__DATASET CONTENT__:
....
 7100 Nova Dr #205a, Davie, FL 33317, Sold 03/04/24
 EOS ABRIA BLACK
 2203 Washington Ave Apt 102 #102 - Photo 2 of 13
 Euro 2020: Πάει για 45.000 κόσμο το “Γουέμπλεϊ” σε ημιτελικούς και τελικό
....
__TASK DETAILS__:
What is wanted is an exact copy of the data.

__EXERCISE RESULT__:
 7100 Nova Dr #205a, Davie, FL 33317, Sold 03/04/24
 EOS ABRIA BLACK
 2203 Washington Ave Apt 102 #102 - Photo 2 of 13
 Euro 2020: Πάει για 45.000 κόσμο το “Γουέμπλεϊ” σε ημιτελικούς και τελικό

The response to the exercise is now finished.